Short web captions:
++++++++++++++++++++

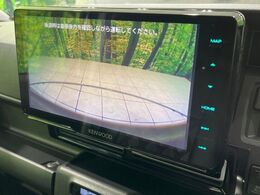 【バックカメラ】駐車時に後方がリアルタイム映像で確認できます。大型商業施設や立体駐車場での駐車時や、夜間のバック時に大活躍！運転スキルに関わらず、今や必須となった装備のひとつです！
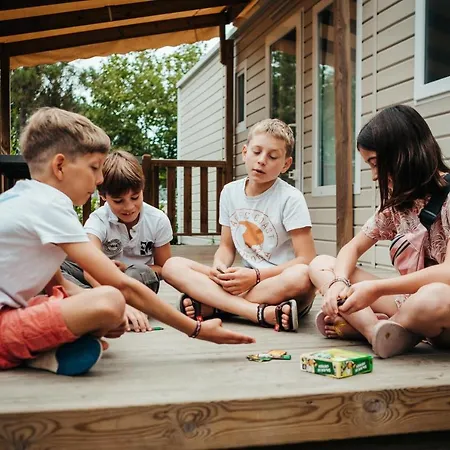 Mobil-home Xxl 4 - La Colline Parque de Campismo Virton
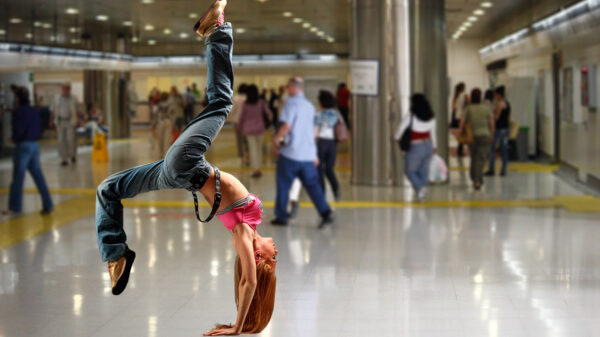 Dat is nog eens een spannende handstand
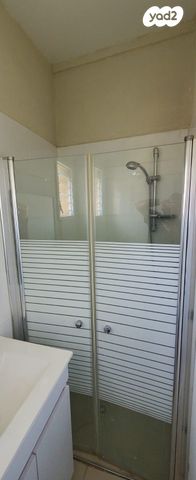 סטודיו/ לופט, אב 11, עזרא, הארגזים, תל אביב יפו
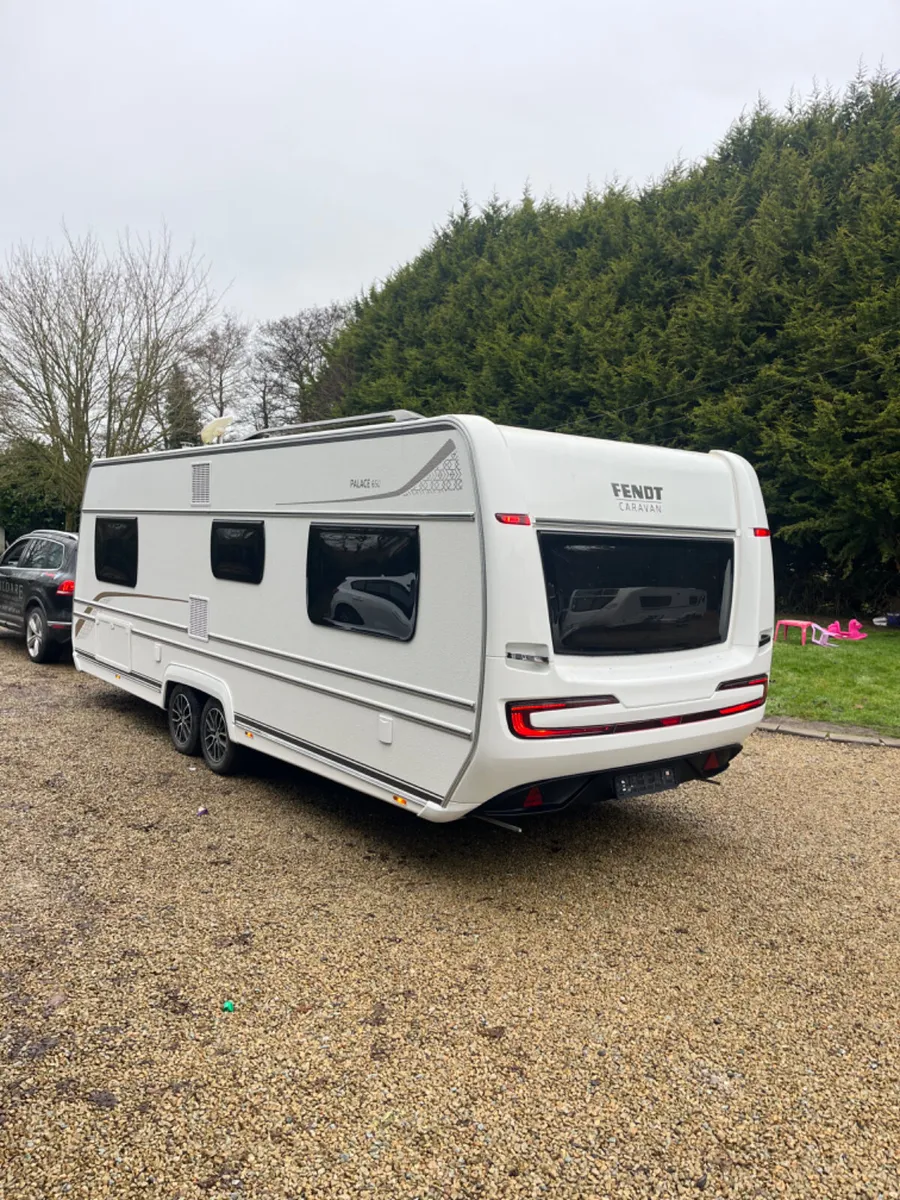 Fendt Palace 650 6 Berth Caravan RARE - Image 4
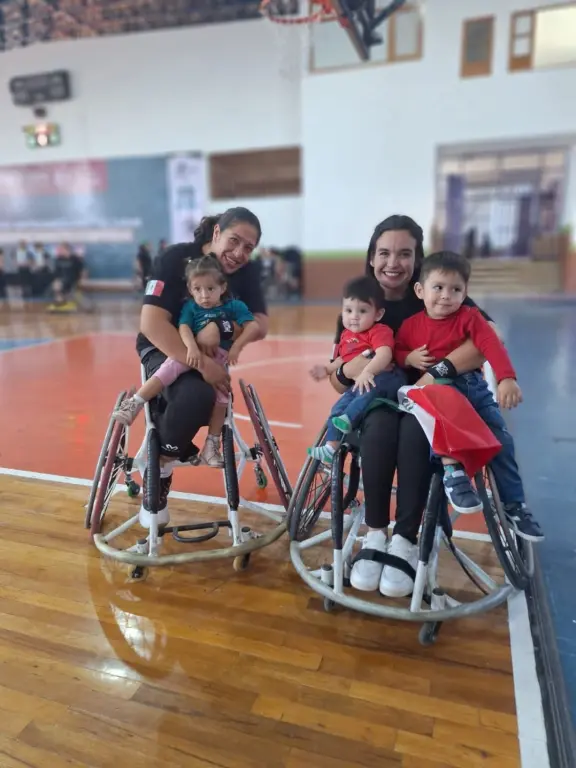 Selección Nacional de Baloncesto en Silla de Ruedas recibe apoyo de Banco Azteca y Fundación Azteca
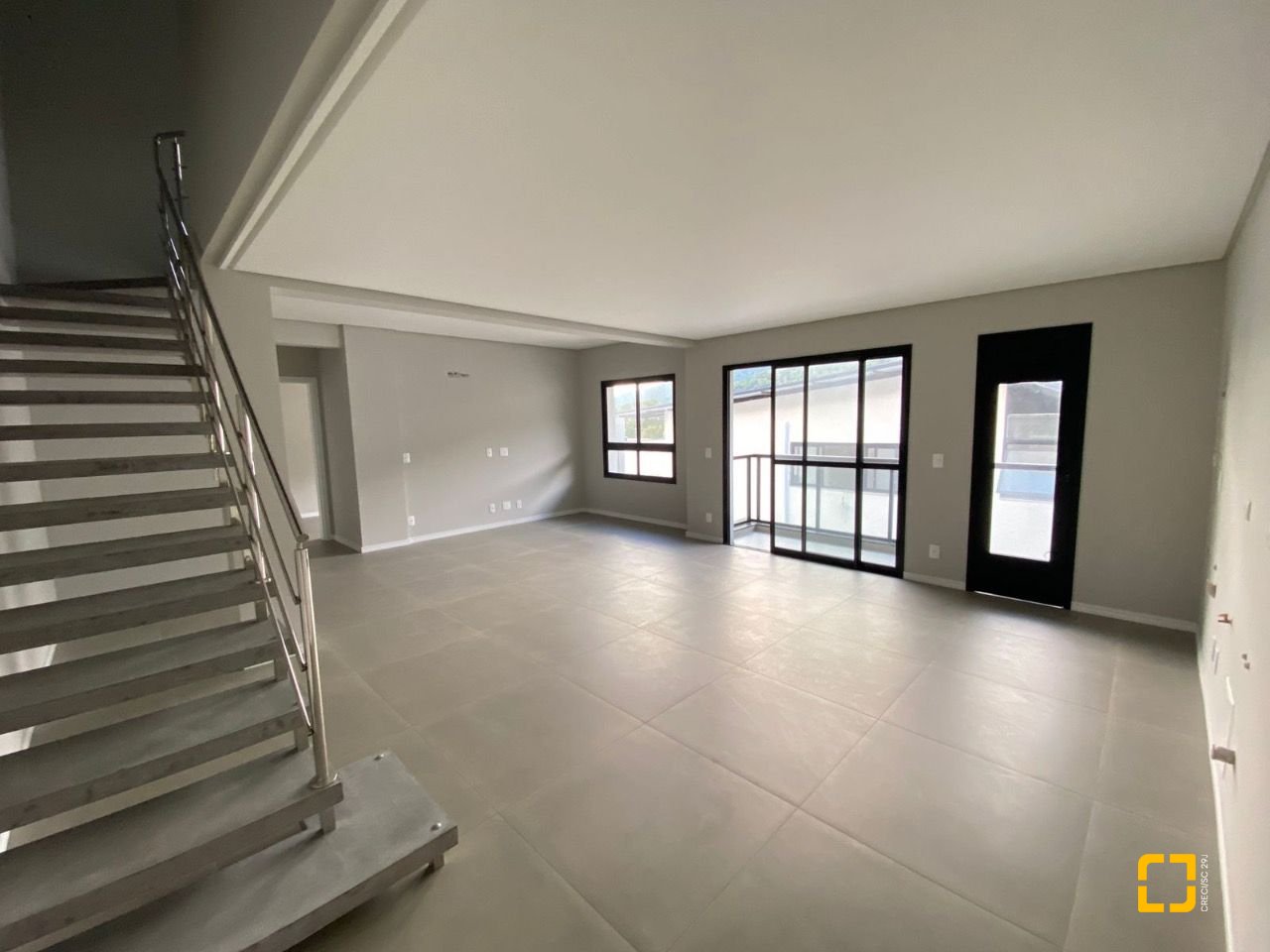 Apartamento com 133m², 5 quartos (sendo 1 suíte), 2 garagens, no bairro Cachoeira do Bom Jesus em Florianópolis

++++++++++++++++++++

WORK TASK:
Please output the lines of the records above from the one with "Dat is nog eens een spannende handstand" through the last, exactly as they appear and with both ends included; skip any pictures and add nothing.

TASK OUTPUT:
 Dat is nog eens een spannende handstand
 סטודיו/ לופט, אב 11, עזרא, הארגזים, תל אביב יפו
 Fendt Palace 650 6 Berth Caravan RARE - Image 4
 Selección Nacional de Baloncesto en Silla de Ruedas recibe apoyo de Banco Azteca y Fundación Azteca
 Apartamento com 133m², 5 quartos (sendo 1 suíte), 2 garagens, no bairro Cachoeira do Bom Jesus em Florianópolis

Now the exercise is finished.